Tiny Update - Slight Architecture Change
by adam
I just spent quite a few hours this weekend making some changes to the Listotron code-base.
The Problem
The browser polls the server many many times a second, and the server sends back whatever’s changed in that small amount of time. This means that if an AJAX call is taking about 100ms, then the change 1 user makes to the list will show up on all other collaborators screens after no more than 200ms. Pretty sweet!
So I had all of that working a few weeks ago - multi-user list collaboration and all - but I found that sometimes collaborators lists got out of sync. Not all of the edits seemed to make their way across all collaborators.
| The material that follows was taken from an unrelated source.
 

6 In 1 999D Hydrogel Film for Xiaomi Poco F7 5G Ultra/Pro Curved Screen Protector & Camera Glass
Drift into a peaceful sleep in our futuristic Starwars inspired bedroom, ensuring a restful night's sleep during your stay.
The problem: I was doing all of the data manipulation in JavaScript in the browser, and only sending the changes to the server. So when a user indented a line in the list, instead of sending an “indent” command to the server, I would indent locally and send the updated row’s properties to the server.
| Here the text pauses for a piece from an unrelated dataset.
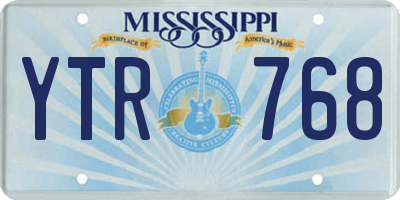 MS license plate YTR768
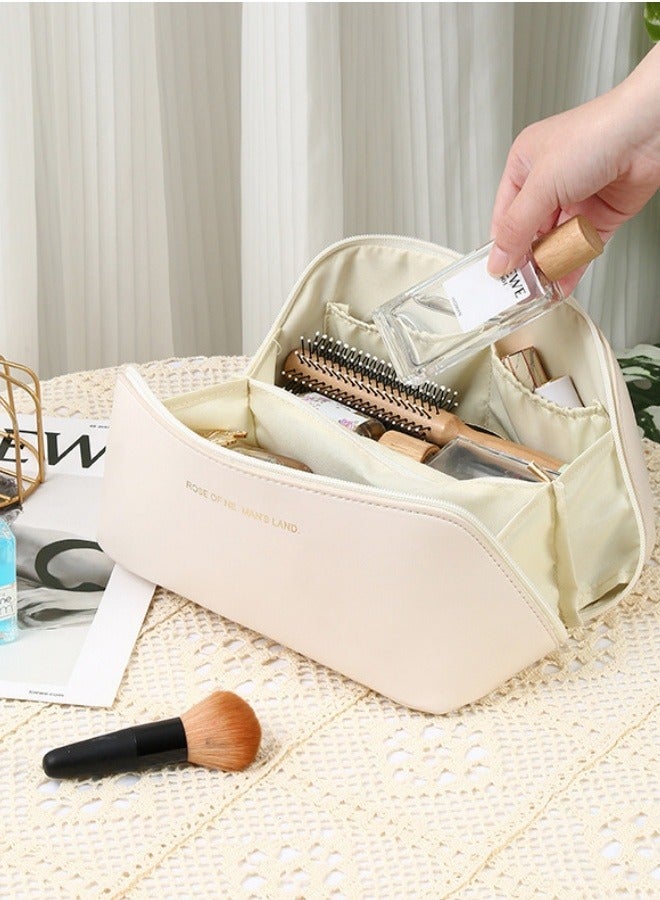 Pillow Shaped Makeup Bag for Girls Beige Makeup Storage Bag - Image 3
The problem was further compounded by the fact that 1 edit (that should have been atomic) was split into multiple AJAX calls (due to how BAJAX bundles sets of ajax requests).
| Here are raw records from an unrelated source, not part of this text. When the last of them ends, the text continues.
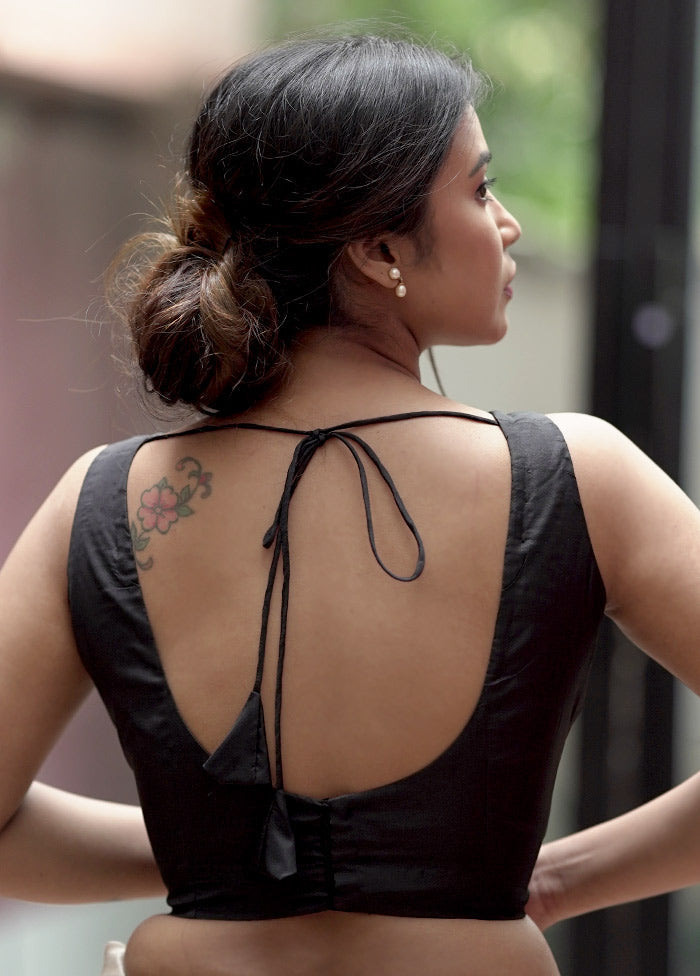 Black Silk Designer Blouse - Indian Silk House Agencies
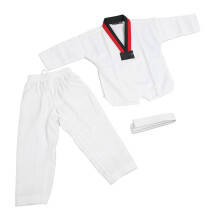 Kinder-Taekwondo-Anzug aus Polyester-Baumwolle, atmungsaktiv und weich, für Jungen und Mädchen, Größe L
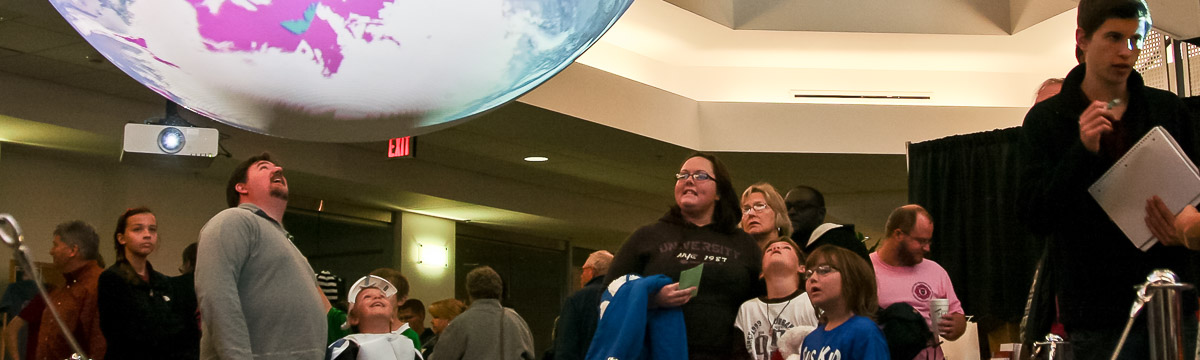 Weather Center  Visitors view Science on a Sphere exhibit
The problem manifests itself when 2 people edit the exact same row at the exact same time (not that uncommon in my 6 row demo list). Each user’s JavaScript would update the row differently and send their own results to the server. Each time, the server would accept the changes, modify the server’s definition of the list, and send back an “ok!” So both user’s got a successful response but saw totally different lists.
The Solution
The solution is to do all list manipulation on the server. so instead of sending a row’s updated properties (like who the parent row is and what row is before it), i just send a specific and atomic command, like “indent row X.”
The server then indents the row if it can, and returns a list of all modified rows to the client. Then the client updates the view. This means that currently the view takes about 150-200ms for a keypress to manifest itself in the view.
This delay will fixed in later versions, and is surprisingly unnoticeable anyways.